For Spark 2.4.0 and higher, you can use the foreachBatch method, which allows you to use the Cassandra batch data writer provided by the Spark Cassandra Connector to write the output of every micro-batch of the streaming query to Cassandra:

import org.apache.spark.sql.cassandra._

df.writeStream
  .foreachBatch { (batchDF, _) => 
    batchDF
     .write
     .cassandraFormat("tableName", "keyspace")
     .mode("append")
     .save
  }.start

For Spark versions lower than 2.4.0, you need to implement a foreach sink.
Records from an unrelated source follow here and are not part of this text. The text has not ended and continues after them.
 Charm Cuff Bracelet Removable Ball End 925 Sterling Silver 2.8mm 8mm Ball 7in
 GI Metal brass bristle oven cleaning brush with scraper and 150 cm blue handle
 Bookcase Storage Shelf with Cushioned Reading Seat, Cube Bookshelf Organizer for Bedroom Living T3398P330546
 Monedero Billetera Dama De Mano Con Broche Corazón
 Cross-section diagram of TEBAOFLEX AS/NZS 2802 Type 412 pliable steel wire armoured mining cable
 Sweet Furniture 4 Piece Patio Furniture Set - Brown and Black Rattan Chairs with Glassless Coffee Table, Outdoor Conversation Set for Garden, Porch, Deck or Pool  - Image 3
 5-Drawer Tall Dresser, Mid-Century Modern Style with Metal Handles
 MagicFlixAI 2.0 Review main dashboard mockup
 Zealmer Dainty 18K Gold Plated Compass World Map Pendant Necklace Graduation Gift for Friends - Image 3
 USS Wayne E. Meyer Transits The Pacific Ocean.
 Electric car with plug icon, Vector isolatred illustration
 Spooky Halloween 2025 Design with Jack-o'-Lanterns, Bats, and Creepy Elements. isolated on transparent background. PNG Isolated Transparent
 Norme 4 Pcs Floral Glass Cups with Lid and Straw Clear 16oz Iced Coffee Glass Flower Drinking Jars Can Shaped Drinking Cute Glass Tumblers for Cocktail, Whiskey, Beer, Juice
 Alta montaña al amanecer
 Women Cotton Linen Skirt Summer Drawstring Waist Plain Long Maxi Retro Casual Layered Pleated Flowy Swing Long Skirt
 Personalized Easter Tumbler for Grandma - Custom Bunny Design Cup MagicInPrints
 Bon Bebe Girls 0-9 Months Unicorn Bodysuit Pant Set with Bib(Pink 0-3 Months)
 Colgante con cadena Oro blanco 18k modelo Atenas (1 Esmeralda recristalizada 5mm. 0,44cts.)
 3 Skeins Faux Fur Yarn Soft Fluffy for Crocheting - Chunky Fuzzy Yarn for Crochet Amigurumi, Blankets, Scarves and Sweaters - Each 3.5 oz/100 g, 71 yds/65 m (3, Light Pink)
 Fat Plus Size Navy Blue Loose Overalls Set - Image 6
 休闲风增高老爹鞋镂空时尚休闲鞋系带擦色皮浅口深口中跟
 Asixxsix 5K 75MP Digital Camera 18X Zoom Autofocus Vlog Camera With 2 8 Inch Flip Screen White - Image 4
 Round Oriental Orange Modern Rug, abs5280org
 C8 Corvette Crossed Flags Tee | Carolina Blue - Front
import com.datastax.spark.connector.cql.CassandraConnector
import com.datastax.driver.core.querybuilder.QueryBuilder
import com.datastax.driver.core.Statement
import org.apache.spark.SparkConf
import org.apache.spark.sql.Row

class CassandraSink(sparkConf: SparkConf) extends ForeachWriter[Row] {
    def open(partitionId: Long, version: Long): Boolean = true

    def process(row: Row) = {
      def buildStatement: Statement =
        QueryBuilder.insertInto("keyspace", "tableName")
          .value("key", row.getAs[String]("value"))
      CassandraConnector(sparkConf).withSessionDo { session =>
        session.execute(buildStatement)
      }
    }

    def close(errorOrNull: Throwable) = Unit
}

And then you can use the foreach sink as follows:

df.writeStream
 .foreach(new CassandraSink(spark.sparkContext.getConf))
 .start
  • thank you but i am not using DSE cassandra ... I am using spark-sql-2.4.x with spark-cassandra-connector-2_11 with cassandra 3.0 , does this work with it ? – BdEngineer May 31 '19 at 06:04
  • Yes, my answer is for writing into Cassandra, not DSE. You can use foreachBatch for Spark 2.4.x – Harichandan Pulagam Jun 01 '19 at 01:05
  • even thought it is working fine ... it is taking a lot of time to produce results... i tried with "trigger" option with 15 seconds....i.e... companyDfAfterJoin .writeStream() .trigger(Trigger.ProcessingTime("15 seconds")) .foreachBatch((batchDf, batchId) -> {..... what should i do make it processing in every 15 seconds. – BdEngineer Jun 03 '19 at 06:50
  • Getting error : org.apache.spark.sql.AnalysisException: Append output mode not supported when there are streaming aggregations on streaming DataFrames/DataSets without watermark;; Project [company_id#80, company_name#66, year#81, quarter#82, mean_revenu – BdEngineer Jun 03 '19 at 08:48
  • I followed this link ... https://spark.apache.org/docs/latest/structured-streaming-programming-guide.html#semantic-guarantees-of-aggregation-with-watermarking .... it messed up with above error. – BdEngineer Jun 03 '19 at 12:50
  • https://stackoverflow.com/questions/56428367/analysisexception-append-output-mode-not-supported-when-there-are-streaming-agg – BdEngineer Jun 03 '19 at 13:27
1

Not much you can do here other than:

  • Following (and voting for) corresponding JIRA.
  • Implementing required functionality and opening PR yourself.

Other than that, you can just create use foreach sink and write directly.